For investors, the key takeaway from this judgement is clear: You cannot take the board's forecasts and predictions for granted. The risk of whether or not assumptions about the future will turn out to be true, lies with the investors. The Supreme Court communicates that the threshold for holding board members liable for such information is very high.
On the other hand, investors can safely rely on factual and verifiable historical information given by the board. This can include information about the company's assets, debt, or intellectual property, to name a few. As opposed to forecasts or predictions, this information is either true or false. The board therefore has an obligation to disclose correct information of this kind.

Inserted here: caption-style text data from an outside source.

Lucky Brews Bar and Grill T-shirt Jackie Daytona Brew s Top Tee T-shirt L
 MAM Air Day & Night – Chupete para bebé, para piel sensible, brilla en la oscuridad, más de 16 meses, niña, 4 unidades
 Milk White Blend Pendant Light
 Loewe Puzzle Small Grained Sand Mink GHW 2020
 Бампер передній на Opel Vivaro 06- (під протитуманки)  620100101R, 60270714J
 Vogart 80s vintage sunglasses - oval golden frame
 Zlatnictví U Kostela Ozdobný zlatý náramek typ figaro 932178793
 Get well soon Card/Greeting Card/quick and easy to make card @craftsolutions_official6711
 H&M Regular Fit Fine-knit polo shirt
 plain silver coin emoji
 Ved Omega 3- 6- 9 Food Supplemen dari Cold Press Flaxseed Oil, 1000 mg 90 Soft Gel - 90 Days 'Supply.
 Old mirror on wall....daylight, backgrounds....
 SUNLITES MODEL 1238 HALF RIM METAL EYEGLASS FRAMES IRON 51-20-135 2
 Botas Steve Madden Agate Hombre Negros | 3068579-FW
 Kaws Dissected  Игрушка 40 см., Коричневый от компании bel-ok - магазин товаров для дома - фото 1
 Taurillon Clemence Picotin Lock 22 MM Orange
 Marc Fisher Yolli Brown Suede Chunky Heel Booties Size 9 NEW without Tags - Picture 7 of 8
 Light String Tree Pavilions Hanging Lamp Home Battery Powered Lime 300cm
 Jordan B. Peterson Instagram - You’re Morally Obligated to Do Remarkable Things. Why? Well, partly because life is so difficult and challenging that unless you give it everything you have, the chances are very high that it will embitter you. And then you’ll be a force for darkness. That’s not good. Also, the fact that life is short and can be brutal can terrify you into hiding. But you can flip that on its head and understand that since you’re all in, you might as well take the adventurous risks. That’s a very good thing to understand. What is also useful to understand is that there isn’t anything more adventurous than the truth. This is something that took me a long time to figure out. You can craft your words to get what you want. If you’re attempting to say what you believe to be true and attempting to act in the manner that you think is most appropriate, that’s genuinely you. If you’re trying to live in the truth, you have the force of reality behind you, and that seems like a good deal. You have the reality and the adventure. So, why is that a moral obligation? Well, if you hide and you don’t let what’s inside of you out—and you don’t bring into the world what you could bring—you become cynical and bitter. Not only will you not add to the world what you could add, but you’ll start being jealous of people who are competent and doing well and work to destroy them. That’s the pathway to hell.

In the case before the Supreme Court, investors in a Norwegian company sued members of the board of directors for damages caused by alleged misinformation. The company was developing a medical product for the treatment of sleep apnea and other sleep-related issues. In the summer of 2014, the company needed more capital, and the board of directors reached out to potential investors. The investors thought the company was undervalued, and they invested roughly 14 million NOK through private placements. After a while, it became apparent that the completion and commercialization of the product would be delayed, and in the fall of 2017, bankruptcy proceedings were instituted.
After this, the investors sued members of the board of directors for damages caused by losing their investment. They alleged that the board of directors had given them misleading information about the technical risks relating to the product, which led to them making their investment. The board of directors agreed that they had made an error by not testing the product correctly, but alleged that no misinformation had been given.
Section 17-1 in the Norwegian Companies Act of 1997 sets out that the board of directors, and others, can be held liable for damages caused by their intentional or negligent acts. Disclosure of incorrect information, or withholding of important information, can in some cases constitute such acts.
The question before the Supreme Court was whether the information given by the board of directors constituted a negligent misrepresentation. The Supreme Court notes that even though there is no requirement to make a prospectus in private placements, the board of directors still has to give correct information about the company.
The Supreme Court sided with the board of directors and concluded that they had not acted negligently. They had made a wrong assessment and not tested the product in the correct way, but this was not enough to constitute liability. The investors should have considered the board's assumptions and predictions more carefully.